From the first line below to the last, reproduce the material exactly and leave out the images.

Start of Data

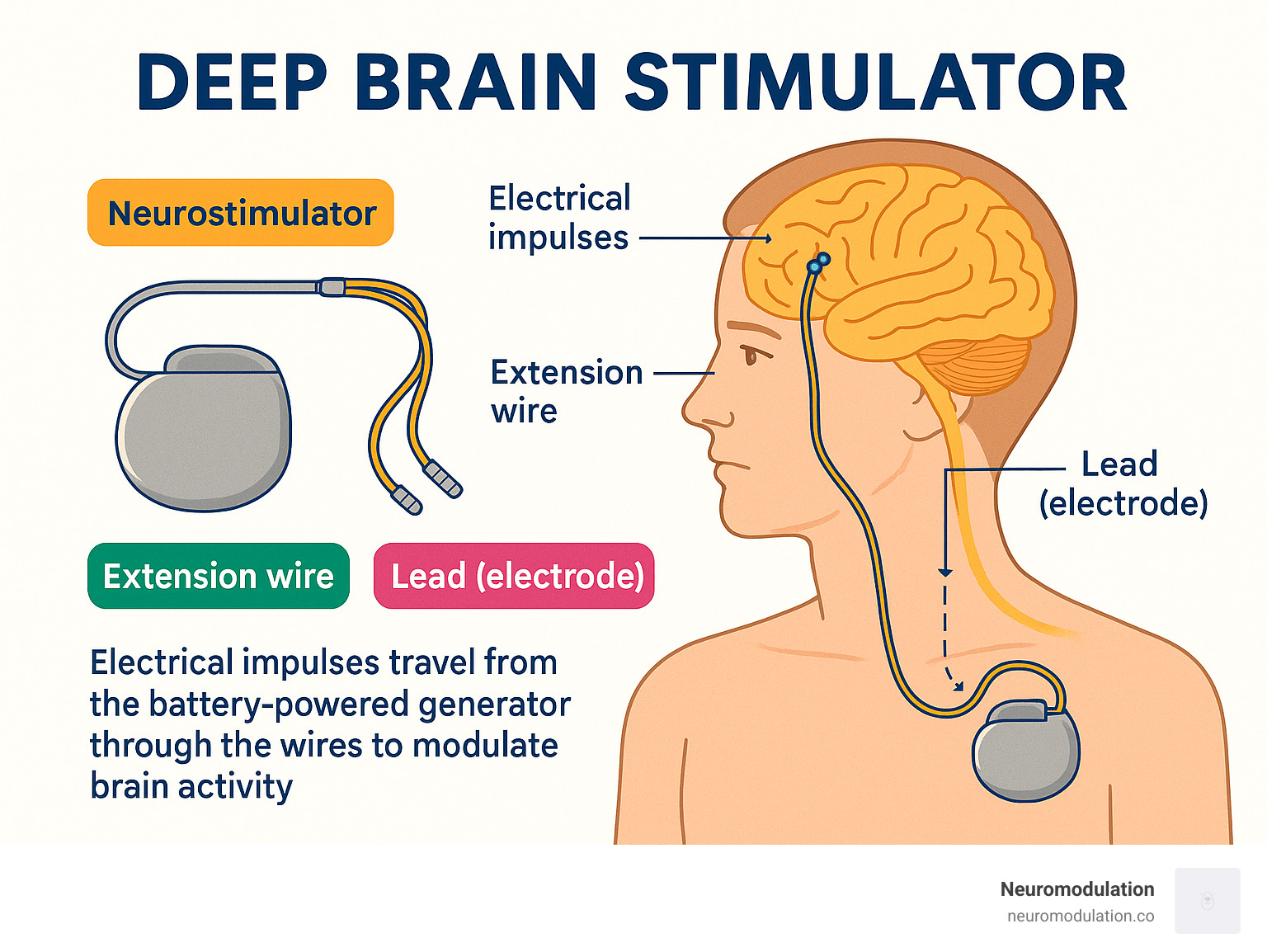 deep brain stimulation electrode anatomy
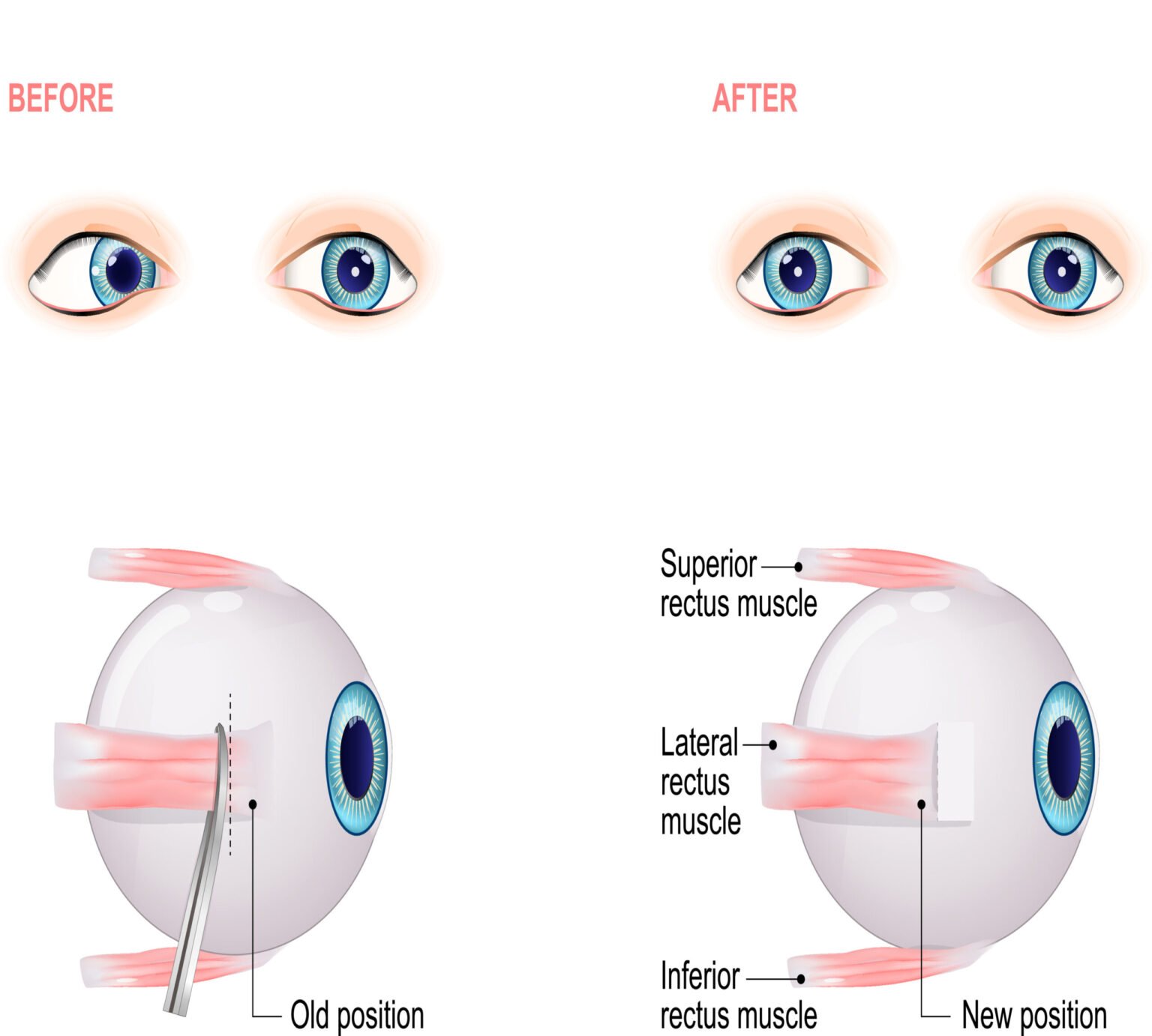 Enucleation — Eye Removal Surgery Explained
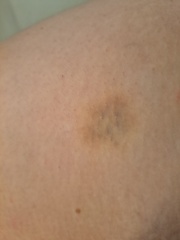 Bruising - Anyone else? Advice?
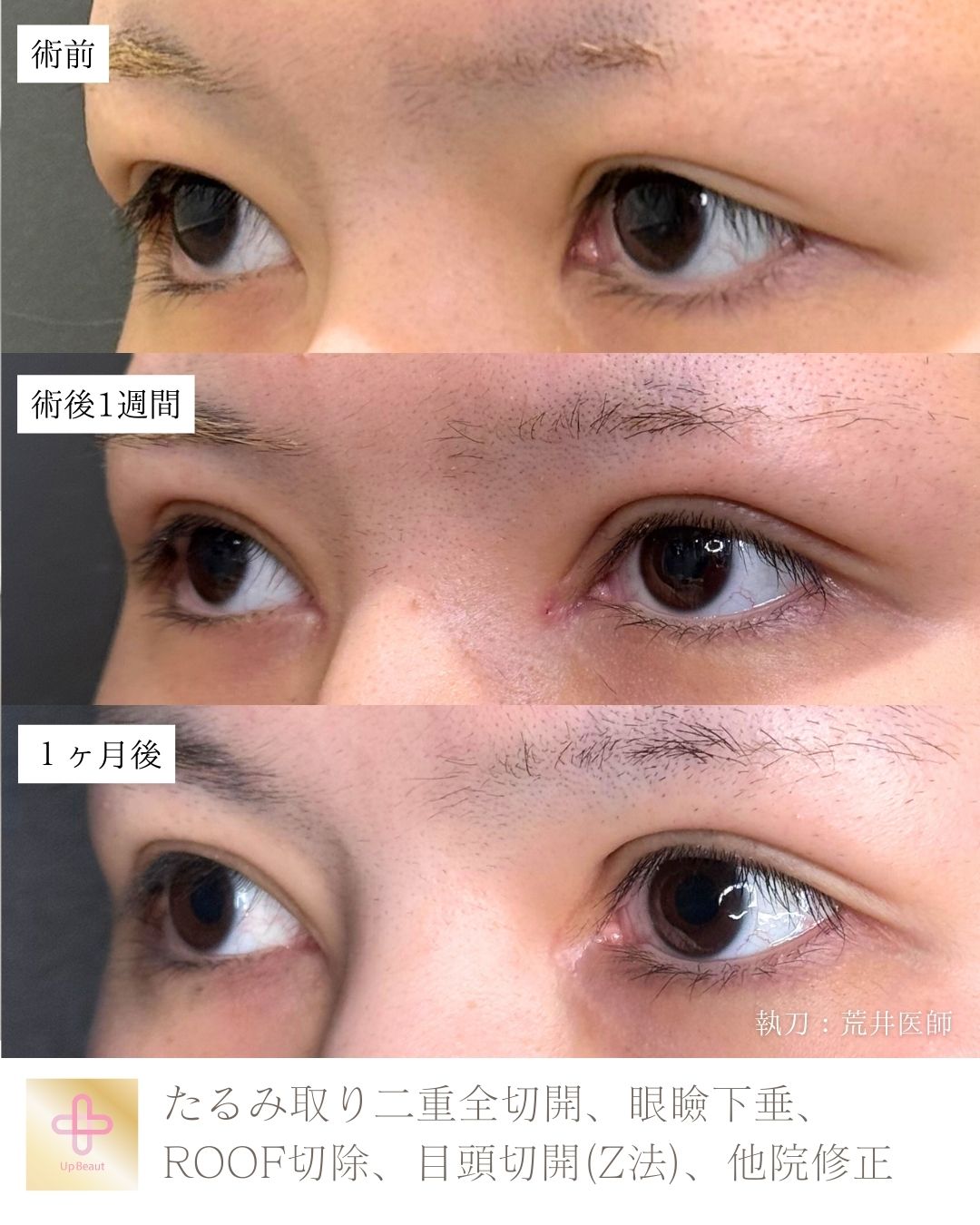 たるみ取り併用全切開二重術、目頭切開(Z法) 、眼瞼下垂、ROOF切除、他院修正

End of Data

* Task response:
 deep brain stimulation electrode anatomy
 Enucleation — Eye Removal Surgery Explained
 Bruising - Anyone else? Advice?
 たるみ取り併用全切開二重術、目頭切開(Z法) 、眼瞼下垂、ROOF切除、他院修正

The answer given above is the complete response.